Taking into account property (III), the node $x^\ell _n$ of layer $I_{\ell }$ receives a connection from a node $x^{\ell -1}_{n-n'_d}$ of layer $I_{\ell -1}$, where $n'_d:=n_d-N$. Two neighboring layers are illustrated in Fig. 2, where the nodes in each layer are ordered vertically from top to bottom. Depending on the size of the delay, we can distinguish three cases.

(a)
For $\tau _d<T$, there are $n_d$ “upward” connections as shown in panel Fig. 2a.
(b)
For $\tau _d=T$, there are $n_d=N$ “horizontal” delay-induced connections, i.e. connections from nodes of layer $\ell -1$ to nodes of layer $\ell $ with the same index, see Fig. 2b.
(c)
For larger delays $\tau _d>T$, there are $2N-n_d$ “downward” delay-induced connections, as shown in Fig. 2c.

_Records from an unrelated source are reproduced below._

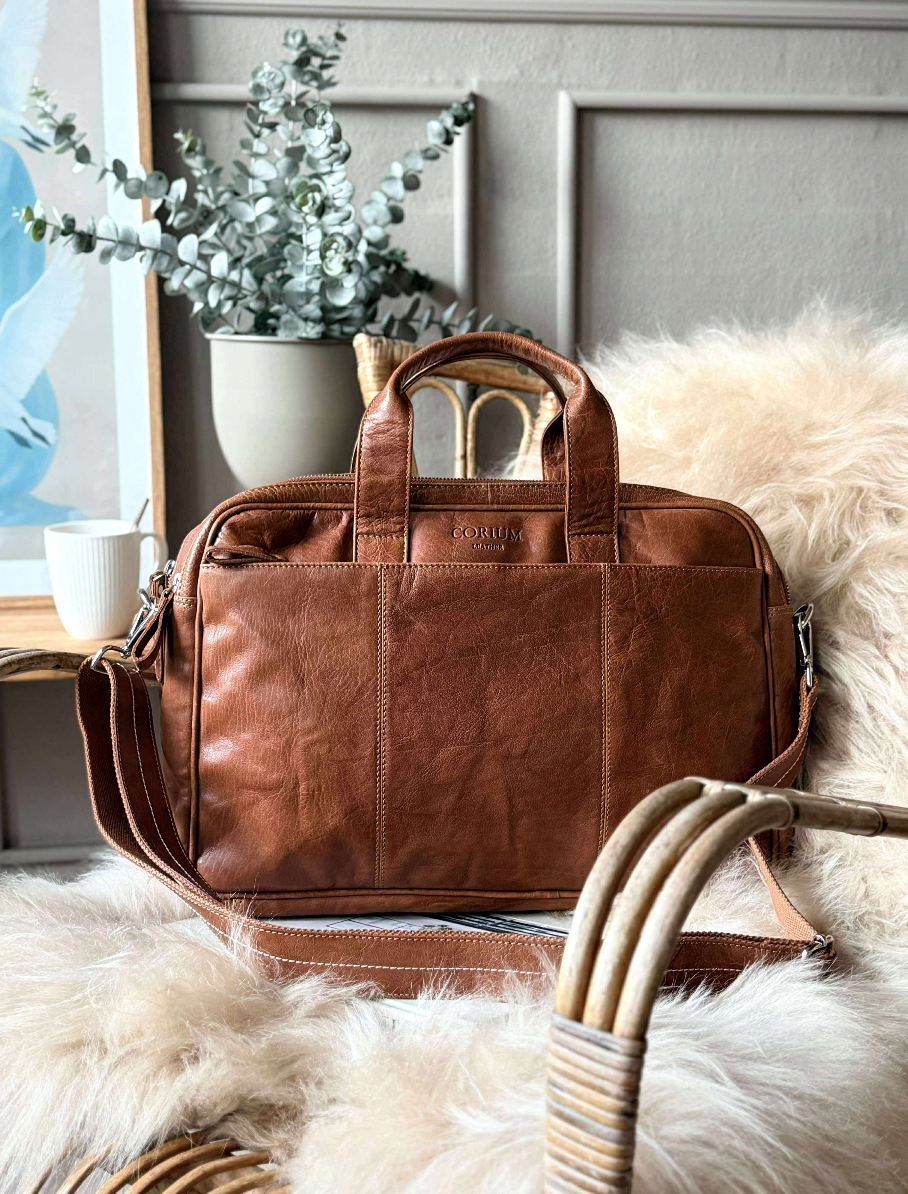 Laptopväska BELLO - Cognac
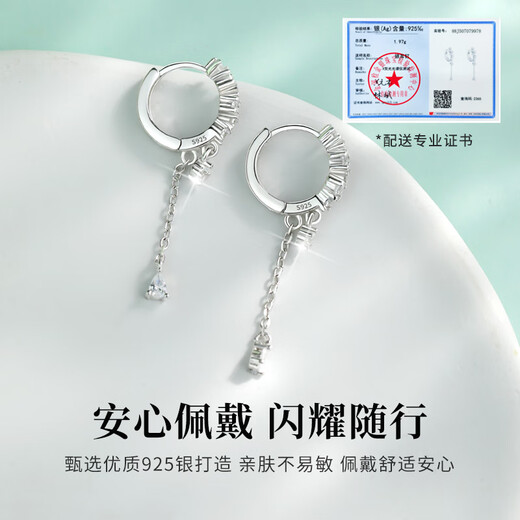 Manhe S925 Silver Earrings Women's Earrings Tassel Earrings Women's 2025 New Earrings Earrings Birthday Gifts for Girlfriends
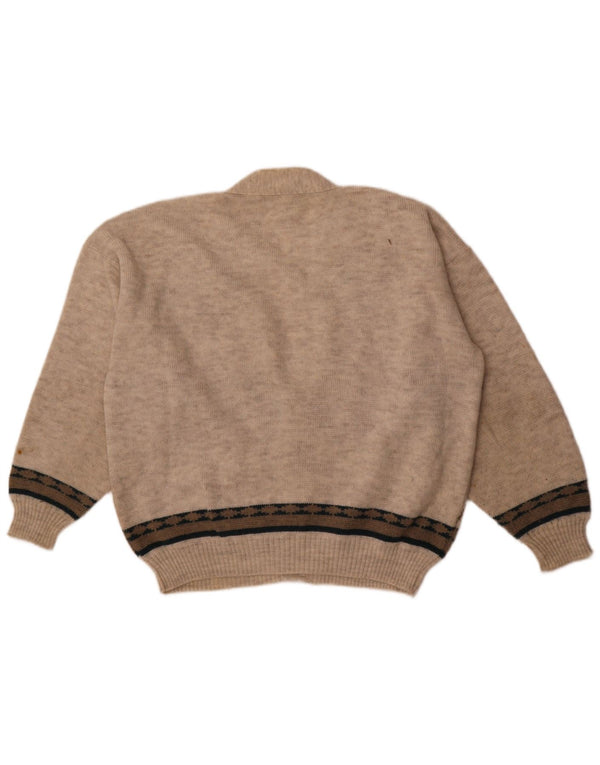 Maglione cardigan vestibilità ampia da uomo vintage IT 50 Acrilico Fair Isle grigio medio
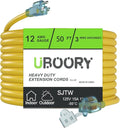 Outdoor Extension Cord Waterproof 50 FT, Flexible 100% Copper 3 Prong Extension by UBOORY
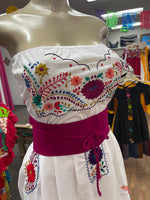 Strapless Mexican Dress White
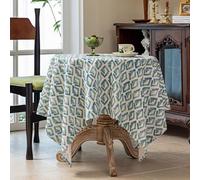 Hoisy Blue Green Polyester Rectangle Tablecloth 51 W x 86 L, Rhombus Pattern Tablecloth Elegant for Kitchen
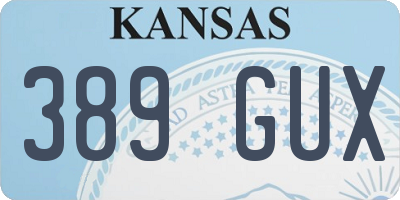 KS license plate 389GUX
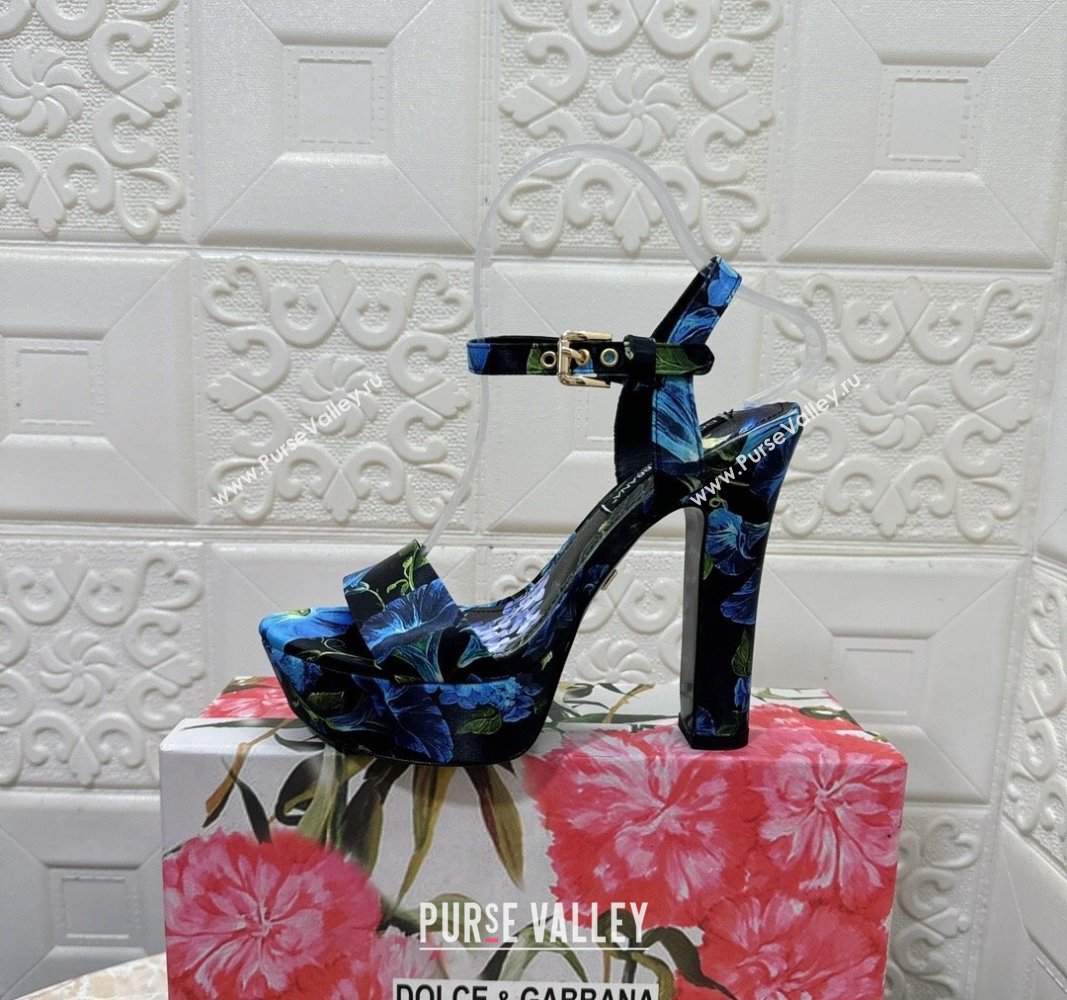 Dolce Gabbana DG Printed Satin High Heel Platform Sandals 13.5cm Black/Blue 2024 0813 (MD-240813007)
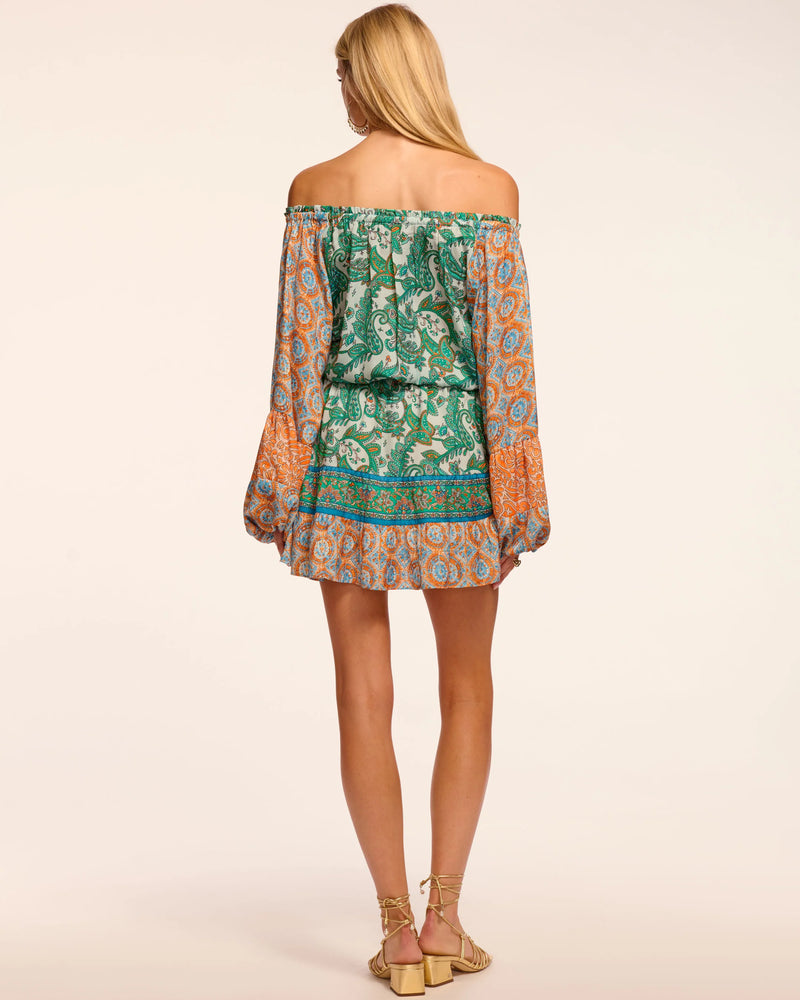 Ramy Brook Claudine Smocked Off-The-Shoulder Mini Dress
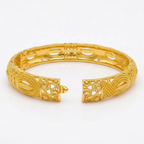 24K Gold Plated Traditional Handmade Open Bracelet Set - 2-Piece Intricate Design Bangles BO84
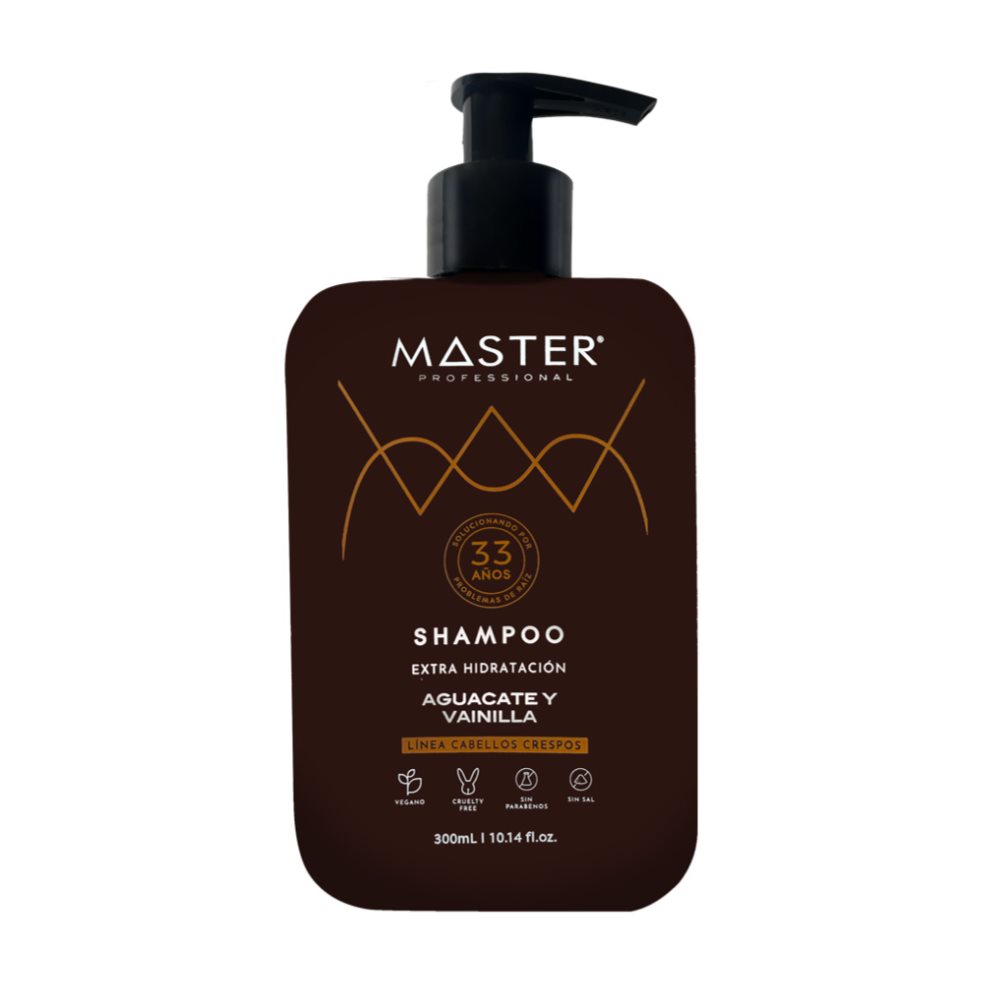 Shampoo Aguacate Vainilla Afro - Rizos x 300 ml MASTER PROFESSIONAL Frasco 300 ml x 1 Und undefined
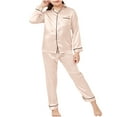 thumbnail image 2 of Cowsor Girls Boys Silk Pajamas Set Solid Long Sleeve Button Down Shirts Tops and Pants Infant Satin Pj Lounge Sets, 2 of 7
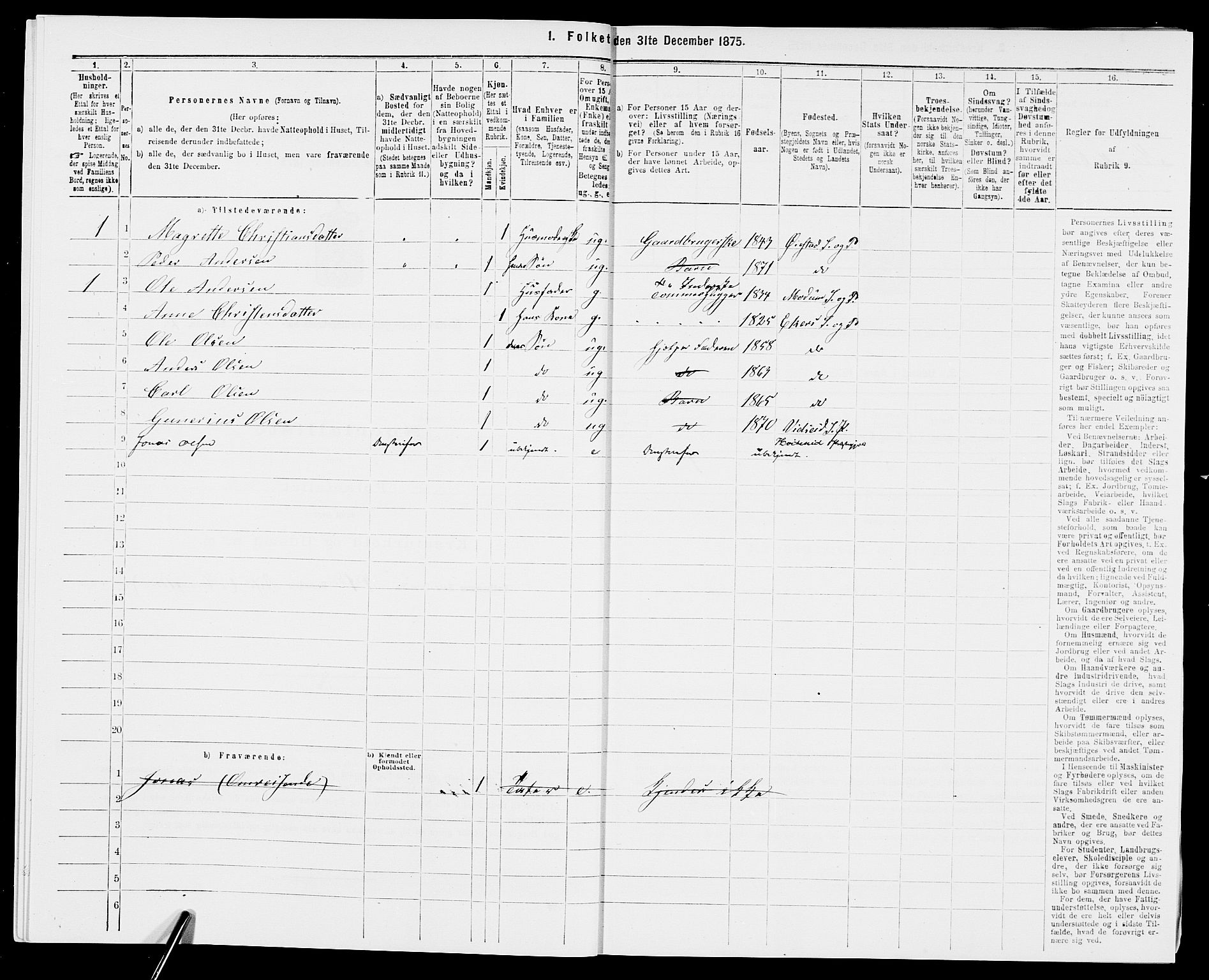 SAK, 1875 census for 0920P Øyestad, 1875, p. 143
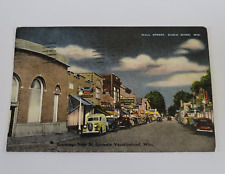 Vintage 1945 Postcard Wall Street Eagle River Wisconsin E.C. Kropp picture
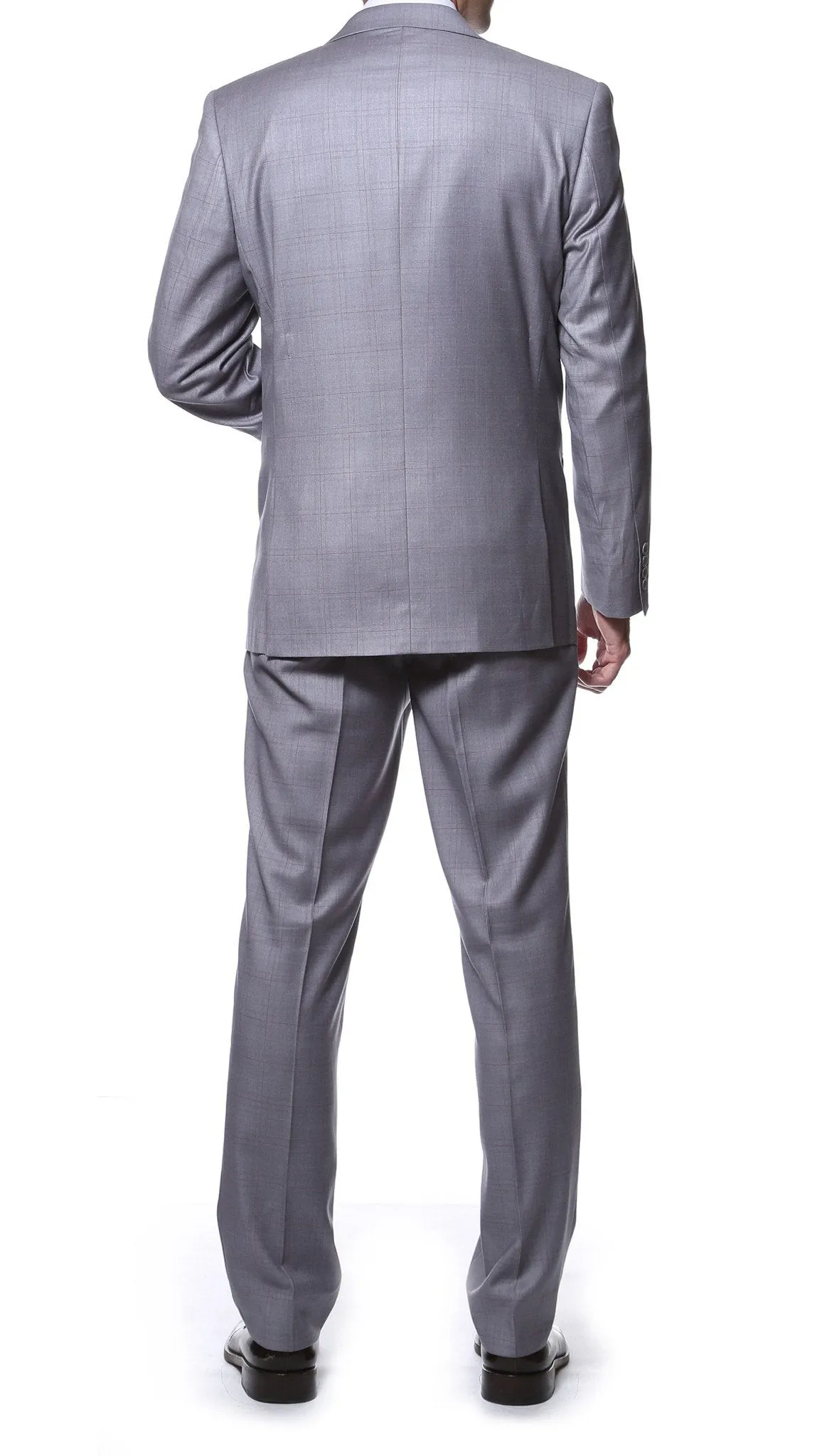 Lincoln Grey 2pc Slim Fit Plaid Suit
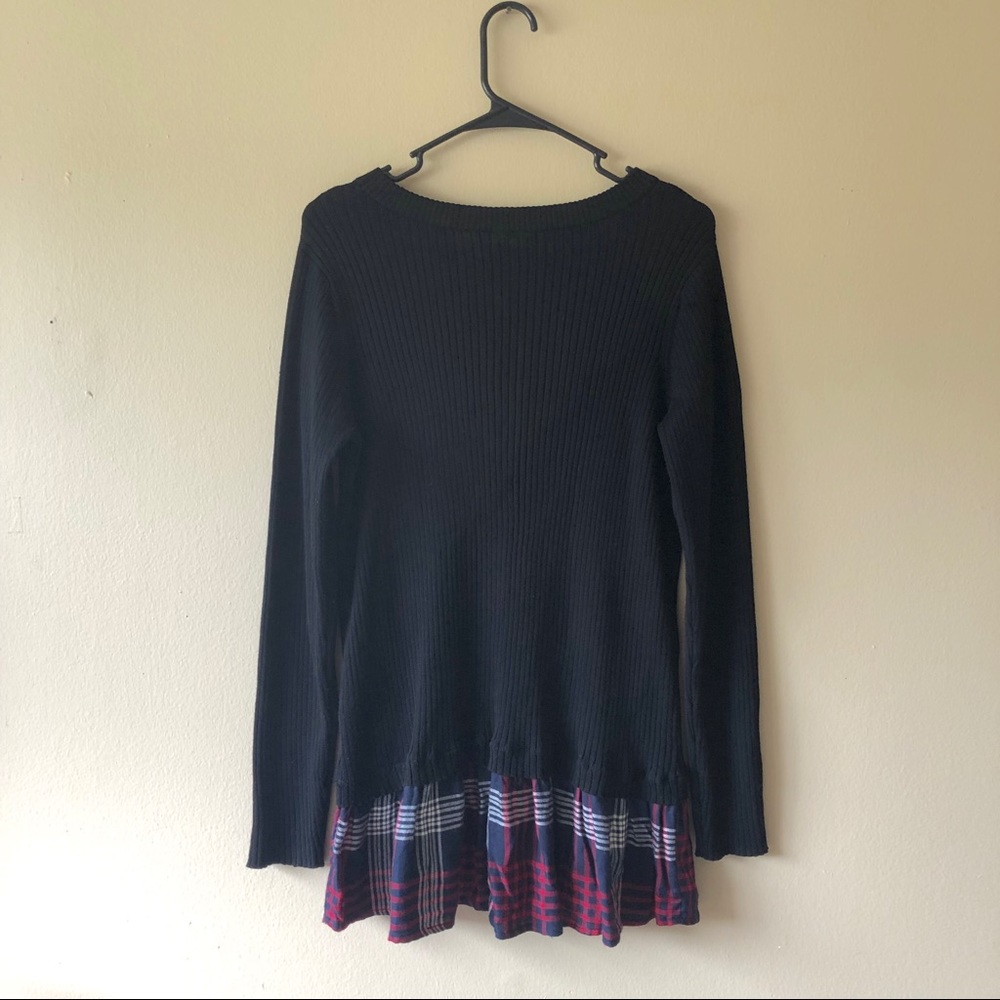 ❌SOLD❌TORRID Ribbed Knit Plaid Twofer Sweater - Picture 3 of 8
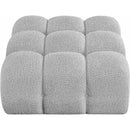 Meridian Ames Grey Boucle Fabric Ottoman IMAGE 4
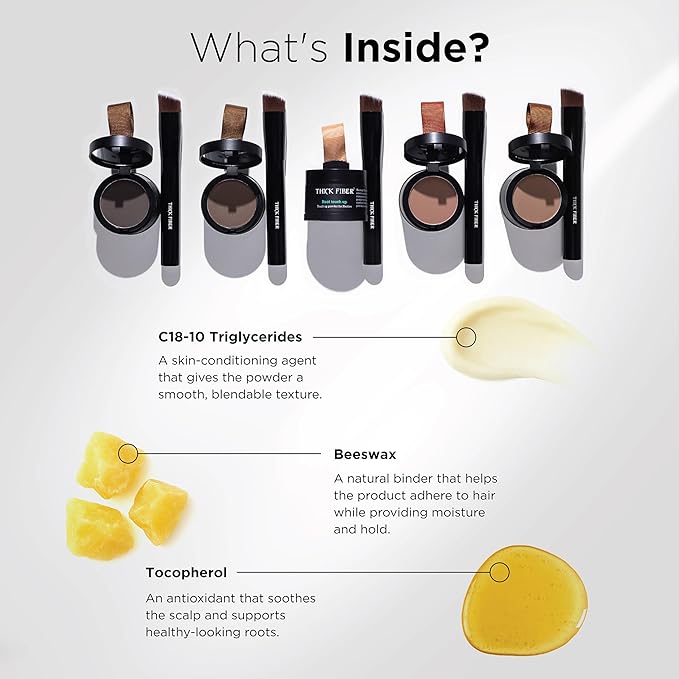 THICK FIBER Root Touch Up and Hairline Concealer for Thinning Hair Women - Water & Sweat Resistant Hair Loss Powder Set, Includes Brush (Red Brown)-Velvo Beauty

In all cases, the connections induces by one delay $\tau _d$ are parallel. Since the delay system possesses multiple delays $0< \tau _1< \ldots< \tau _D < 2T$, the parallel connection patterns overlap, as illustrated in Fig. 4b, leading to a more complex topology. In particular, a fully connected pattern appears for $D = 2N-1$ and $\tau _d = \theta d$, i.e. $\tau _1 = \theta ,\ \tau _2 = 2\theta , \ldots , \tau _D = D\theta = (2N-1)\theta $.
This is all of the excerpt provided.